Loss Functions

A loss function $\ell: \hat{\mathcal{Y}} \times \mathcal{Y} \to \mathbb{R}$ maps a prediction and a ground truth to a scalar measuring how wrong the prediction is. The choice of loss function encodes our assumptions about the task, the noise model, and what "good performance" means.

Cross Entropy

The **entropy** of a discrete distribution $p$ is:

$H(p) = -\sum_{x} p(x) \log p(x) = \mathbb{E}_{x \sim p}\left[-\log p(x)\right]$

Entropy measures the average surprise (in nats if using $\ln$ , or bits if using $\log_2$ ) of observing samples from $p$ . It is maximized by the uniform distribution and equals zero only for a deterministic distribution.

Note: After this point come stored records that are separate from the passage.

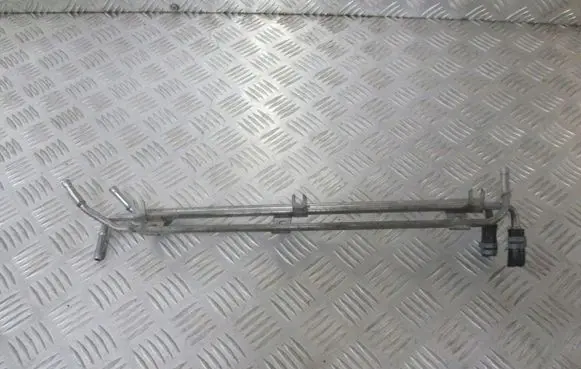 Volkswagen Golf IV Engine coolant pipe/hose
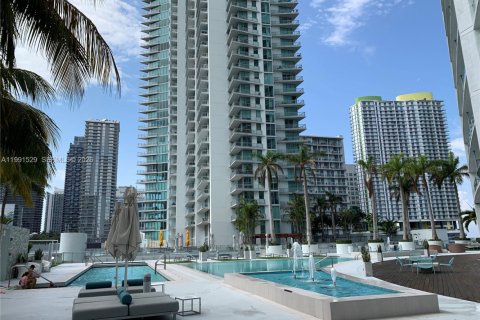 Copropriété à vendre à Miami, Floride: 2 chambres, 103.49 m2 № 2334589 - photo 26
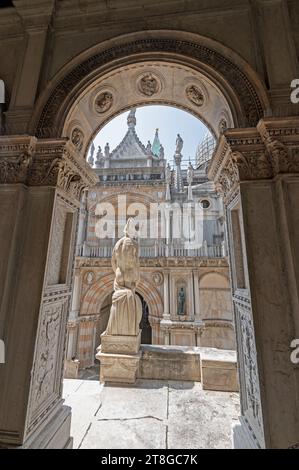 Scala dei Giganti. Am Fuße der monumentalen Marmor Scala dei Giganti (Treppe der Riesen), die den Innenhof mit dem ersten Stock verbindet und führt Stockfoto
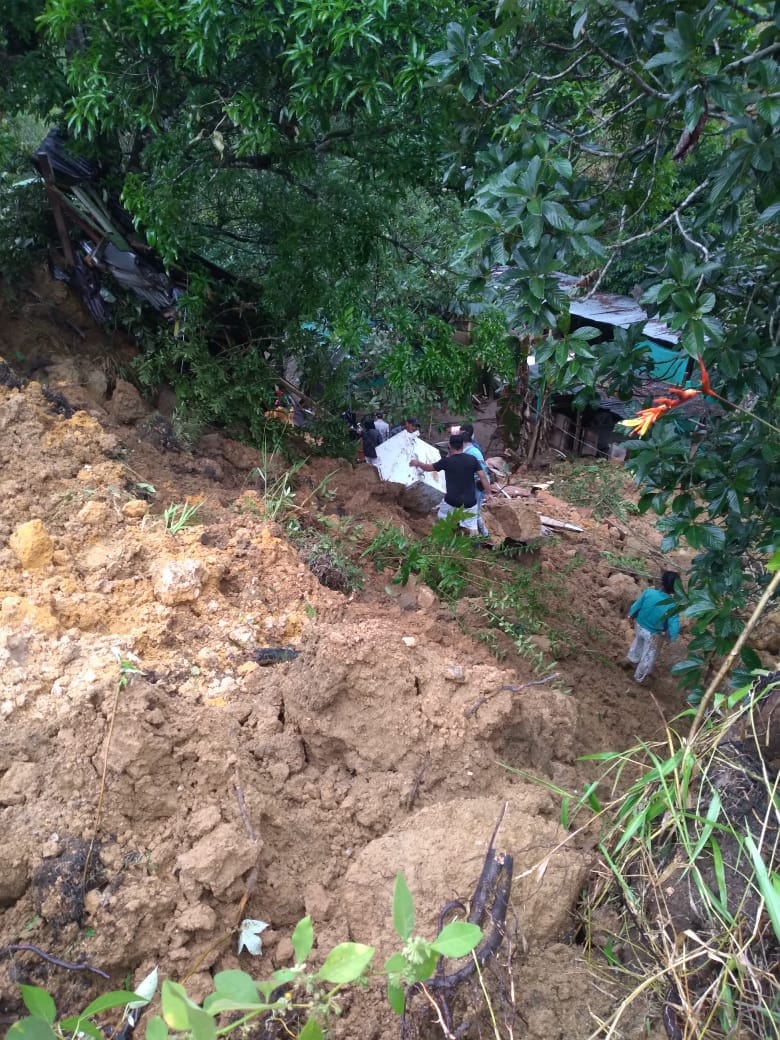 V�A A BERL�N CERRADA POR FUERTE DESLIZAMIENTO DE TIERRA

The **cross entropy** between a true distribution $p$ and a predicted distribution $q$ is:

$H(p, q) = -\sum_{x} p(x) \log q(x) = H(p) + D_{\text{KL}}(p \| q)$

The decomposition $H(p,q) = H(p) + D_{\text{KL}}(p \| q)$ is key. $H(p)$ depends only on the true data distribution, which is fixed during training. Since we optimize over the model (which defines $q$ ), only the $D_{\text{KL}}$ term varies with model parameters. Therefore minimizing cross entropy is equivalent to minimizing the KL divergence $D_{\text{KL}}(p \| q)$ (the divergence from the true distribution $p$ to the model distribution $q$ ).

**One-hot classification.** For a classification problem with $K$ classes, the true label for sample $i$ is a one-hot vector $p = e_c$ (all zeros except position $c$). The cross entropy reduces to:

$\mathcal{L} = -\sum_{k=1}^K p_k \log q_k = -\log q_c$

where $q_c = \hat{y}_c$ is the model's predicted probability for the true class. This is the negative log-likelihood of the correct class.

For binary classification ( $K=2$ ), the full loss averaged over $N$ samples is:

$\mathcal{L}_{\text{BCE}} = -\frac{1}{N} \sum_{i=1}^{N} \left[ y_i \log \hat{y}_i + (1 - y_i) \log (1 - \hat{y}_i) \right]$

where $y_i \in \{0, 1\}$ and $\hat{y}_i = \sigma(z_i) \in (0, 1)$ is the sigmoid output.

**Gradient simplicity.** The gradient of cross-entropy loss composed with softmax has a remarkably clean form. For logits $z \in \mathbb{R}^K$ and softmax output $\hat{y} = \text{softmax}(z)$:

$\frac{\partial \mathcal{L}}{\partial z_k} = \hat{y}_k - \mathbf{1}[k = c]$

This is simply the predicted probability minus the one-hot target. No derivatives of log or softmax appear explicitly, because they cancel. This cancellation also improves numerical stability, which is why F.cross_entropy in PyTorch takes raw logits, not probabilities.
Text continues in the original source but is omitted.